For Mr Lloyd, his wife's plural­istic approach to faith helped avoid any cultural confrontation. "She takes an approach that is quite typical of a lot in India, of many paths to God," he said. "There's no real sense of conflict at all. Hindu­ism believes in several avatars [manifestations of deities]; so my wife could look on Jesus as part of the Hindu plurality in general. With other religions, it might be difficult."

But Dr Vincent's husband, the Revd Dr Mark Godin, said that, as a clergyman, he could not choose which version of Christmas to uphold. "As a minister, I don't cut things out of Christmas. I still have the usual services to go to."

Indeed, for Dr Godin, Christmas, watered-down and partly secular­ised, is as much a challenge as it is to those of other faiths. "The fact that [Christmas] seems secular, but is based on a Christian underpinning, really means that it is only 'sort-of' secular. It is still making an assump­tion about which kinds of faith are traditional and which kinds are not. That is hard for people of other faiths, but also hard for people who are trying as closely as possible to follow Jesus in their way of living. It becomes confusing."

In this muddled context, some mixed-faith families choose the simple path of acknowledging all fest­­i­­vals. Ms Birtwistle said: "Ha­nuk­­­­­­­­kah, which usually happens in December, is a minor Jewish feast, but it has taken on a Christmassy feel. My kids always like Hanukkah, because they get a present of Hanukkah geld [gifts of money] from Grandpa. We do a menorah, and light candles."

When the couple's children featured in the church's nativity play, Mr Sawyer fitted them with a yarmulke [Jewish skull-cap] rather than the more traditional tea towel - "After all, Joseph was Jewish," Ms Birtwistle said. "Our Jewish relatives come to us for Christmas dinner - we go to their house for the Passover Seder - and they love it."

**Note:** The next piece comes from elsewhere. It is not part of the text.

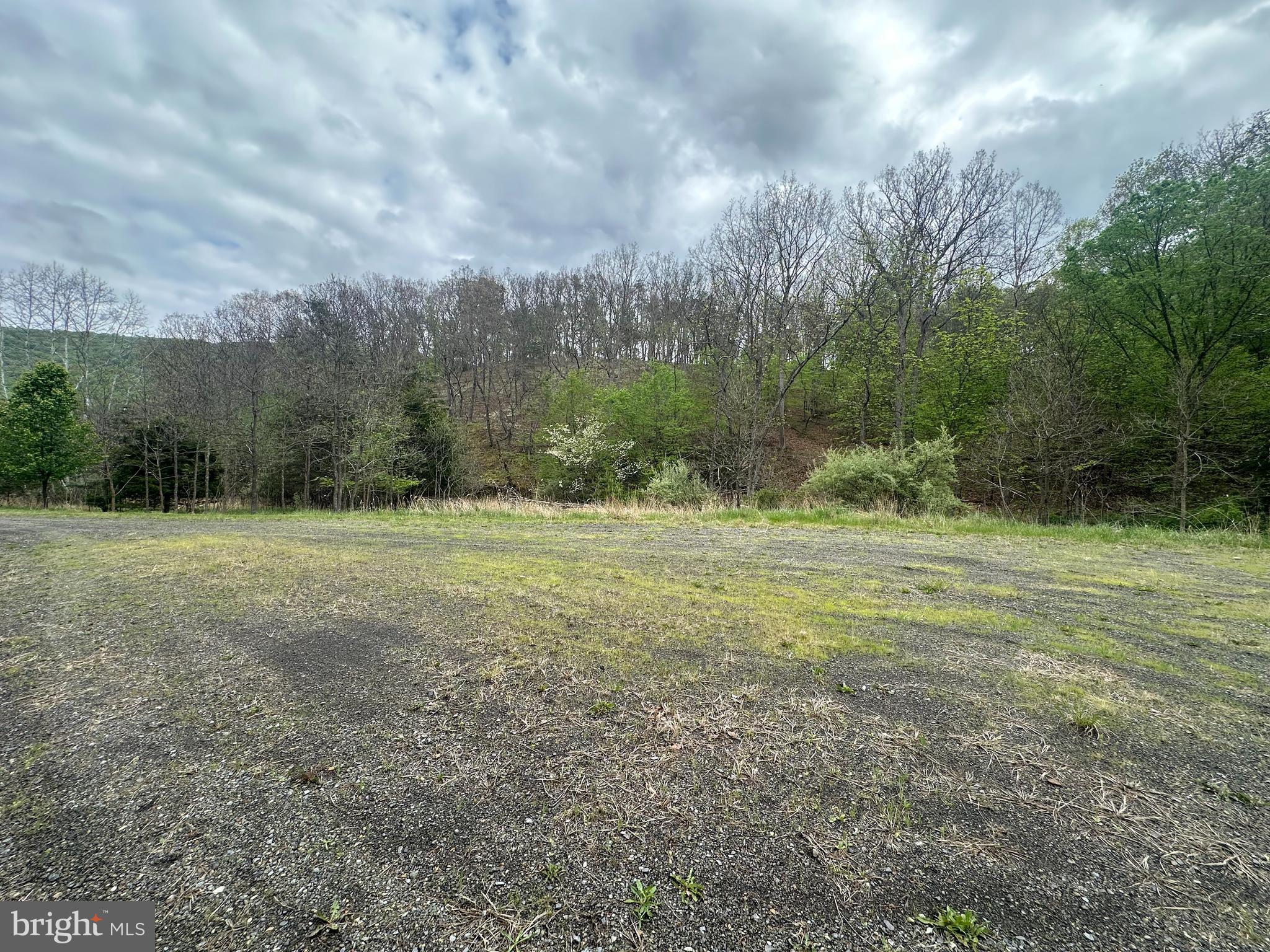 Lot 32 Moose Hollow Road Romney, WV 26757 - Photo 13 of 21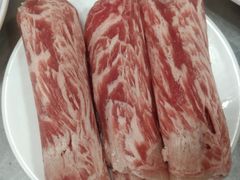-山城年华老火锅(玉林店)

This embracing of different faith's festivals is quite common, Mrs Al-Yousef said: "In practice, when people work it out, they say 'We do Christmas, we do Ramadan, we do everything, and it's all lovely.'"

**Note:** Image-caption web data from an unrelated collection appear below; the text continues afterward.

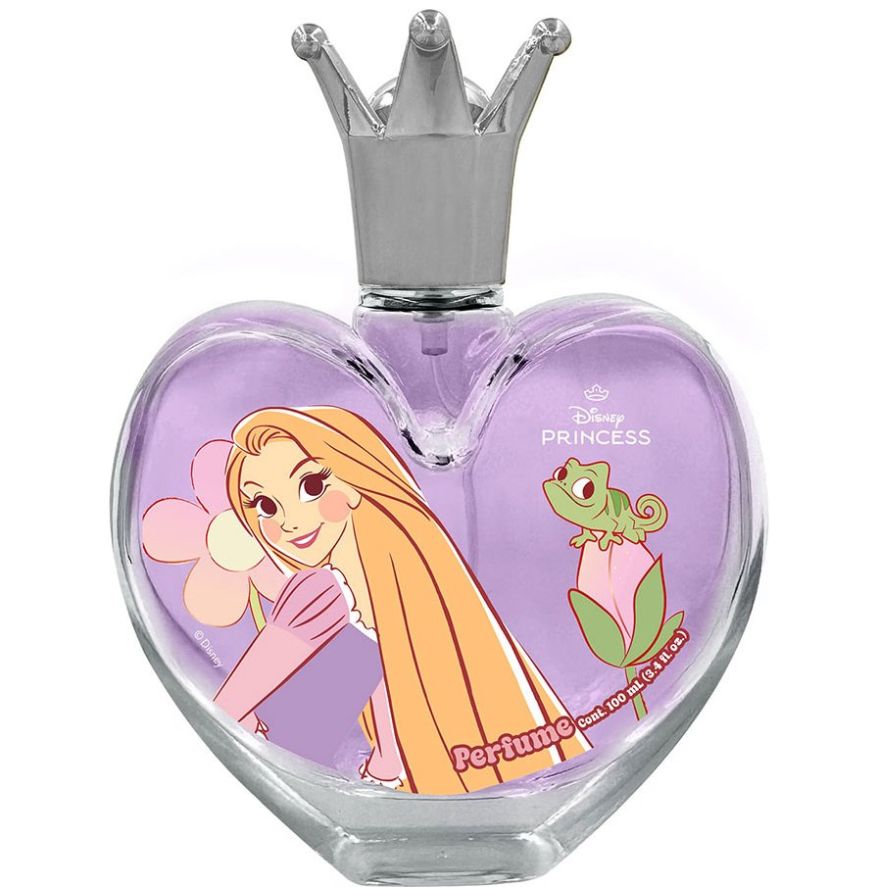 Eau de Toilette "rapunzel"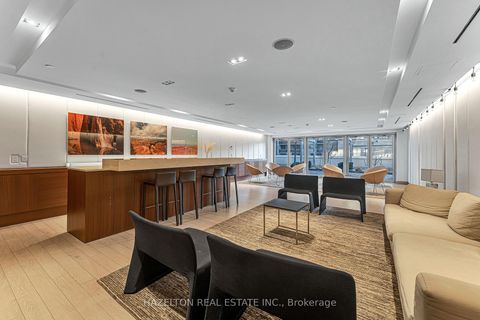 Photo 34 at 1509 - 170 Avenue Road, Annex, Toronto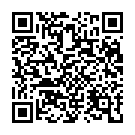 -QR CODE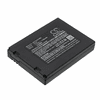 Tactilion GX01 Payment Terminal Battery For G3, G870, K370 Tactilion GX01 Payment Terminal Battery For G3, G870, K370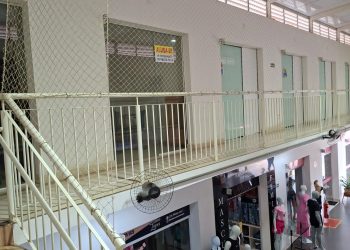 WhatsApp Image 2026-03-10 at 10.57.18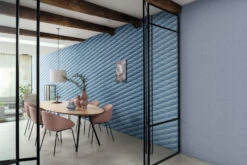 Tapete Vlies Rasch Einfarbig Struktur Hellblau 554465 5 Tapete Vlies Rasch Einfarbig Struktur Hellblau 554465 -A.S. Creation Verkäufe Tapete Vlies Rasch Einfarbig Struktur hellblau 554465 63211760 8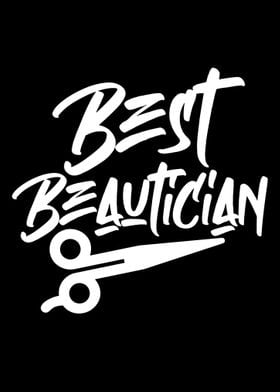 Best Beautician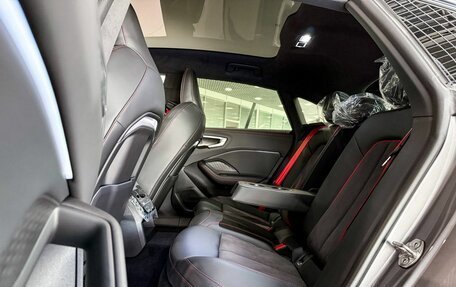 Audi A5, 2025 год, 6 257 000 рублей, 15 фотография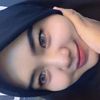 rahayufebrianti_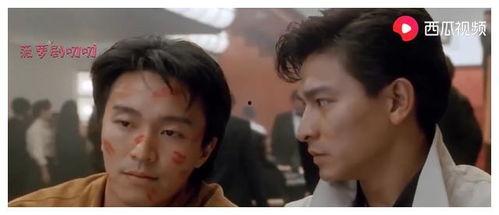 陈赫五哈吃瓜完整视频播放,全程视频回顾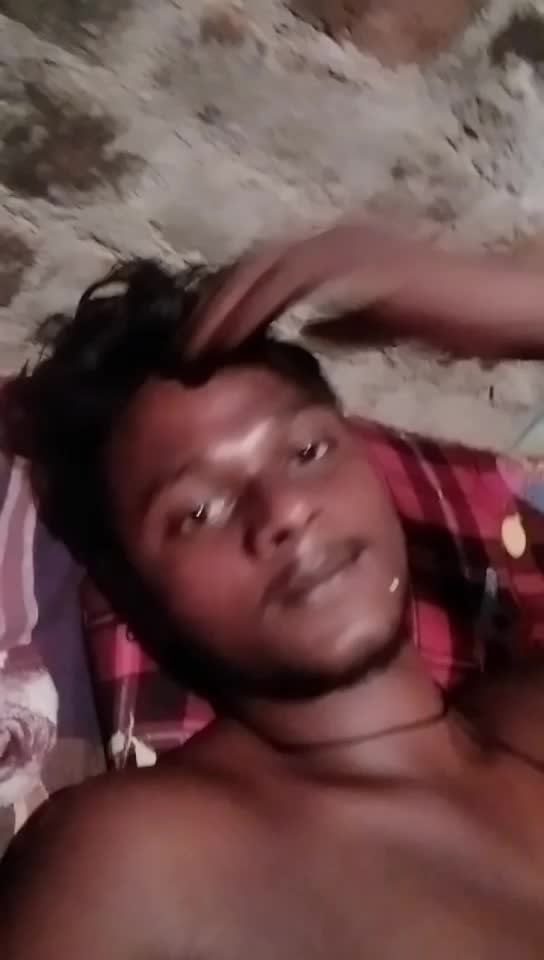@kulanjan Prajapati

Mr Lloyd said that, as his wife would come to church with him on Christmas Day, so he would visit the temple with her at New Year. But it is not always so straightforward. Acknowledging different festivals could be "an aspirational thing", Mrs Al-Yousef said, "but there is always a little bit of anxiety, muddling and mixing things."

Another flashpoint is the chil­dren. Ms Birtwistle said that, once her children got into their teens, she allowed them to choose their own faith identity, and their own way of celebrating (or not celebrating) Christmas.

"We are still very consciously half-Jewish. Two of them have been to both church and synagogue," she said. Mr Lloyd's children had a similar outlook, he said: "My chil­dren are quite happy to go to both church and temple, and learn from both cultures."

Even where a couple have made a firm decision to raise their children in just one religion, Christmas, it is assumed, will sometimes supersede this. Mrs Al-Yousef said: "Where Christians are bringing up their children as Muslims, there can be issues - 'I didn't know it meant they could not be in the nativity'. That is a common problem."

But it seems that, for the children themselves, the intricate and complex interplay between two faiths has less relevance: they are happy to take part in as many festivals as are on offer. "Children will get involved in whatever, but it is good to know the difference, and what commemorates what. They don't get muddled," Ms Birtwistle said.

Perhaps it is the children who have found the simplest path through the mixed-faith jungle, appreciating the richness of spiritual diversity without conflating proudly different religions.